> Task instructions
Please copy the lines below, exactly as they are, from the one with "Screenshot of the" through the one with "Blu Polyester Women Cardigan", and leave out the pictures.

> Available records
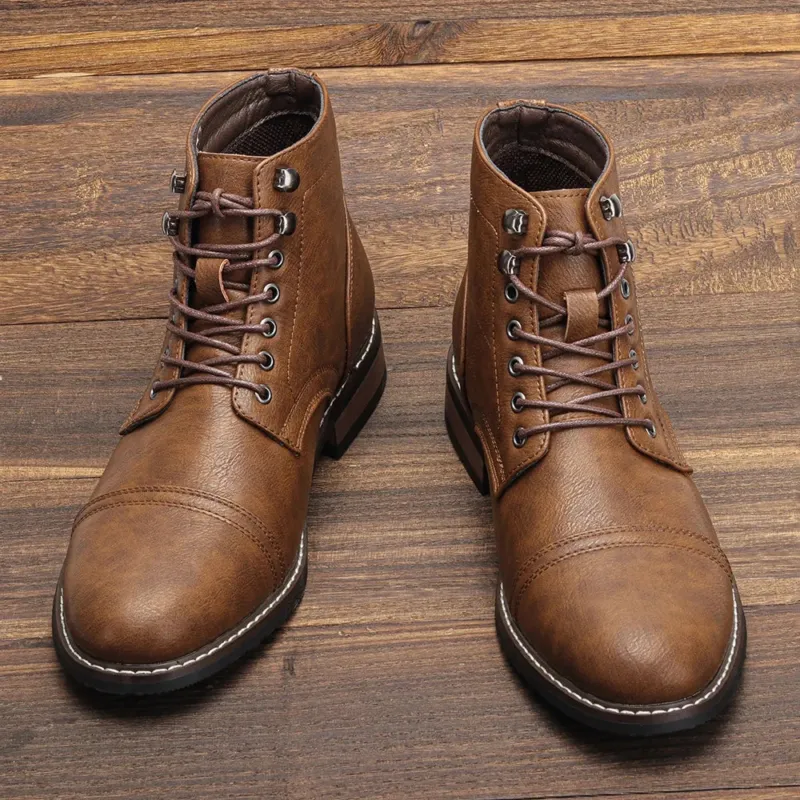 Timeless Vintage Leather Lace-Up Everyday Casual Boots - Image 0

* * *

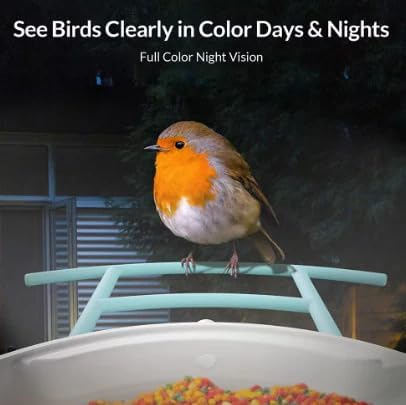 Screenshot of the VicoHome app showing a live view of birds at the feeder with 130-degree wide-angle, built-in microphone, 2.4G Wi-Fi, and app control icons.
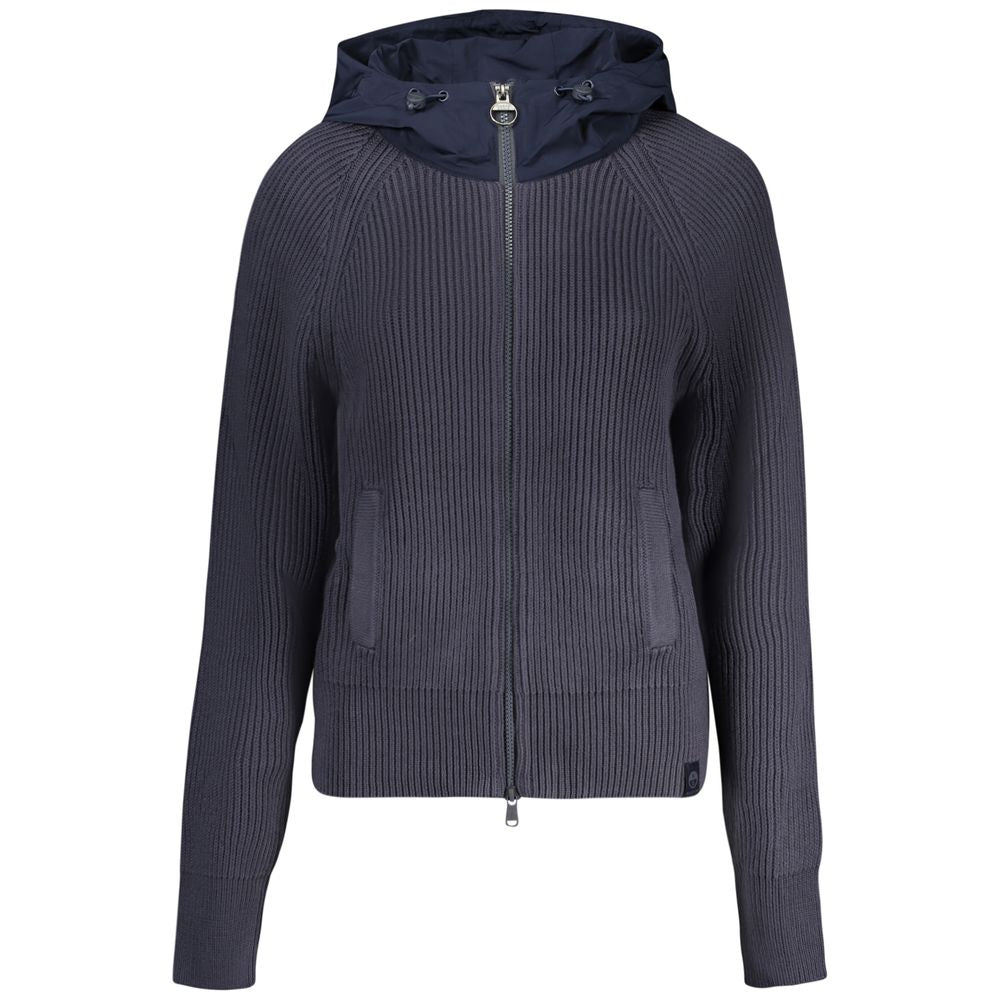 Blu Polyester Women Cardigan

> Response to the exercise
 Screenshot of the VicoHome app showing a live view of birds at the feeder with 130-degree wide-angle, built-in microphone, 2.4G Wi-Fi, and app control icons.
 Blu Polyester Women Cardigan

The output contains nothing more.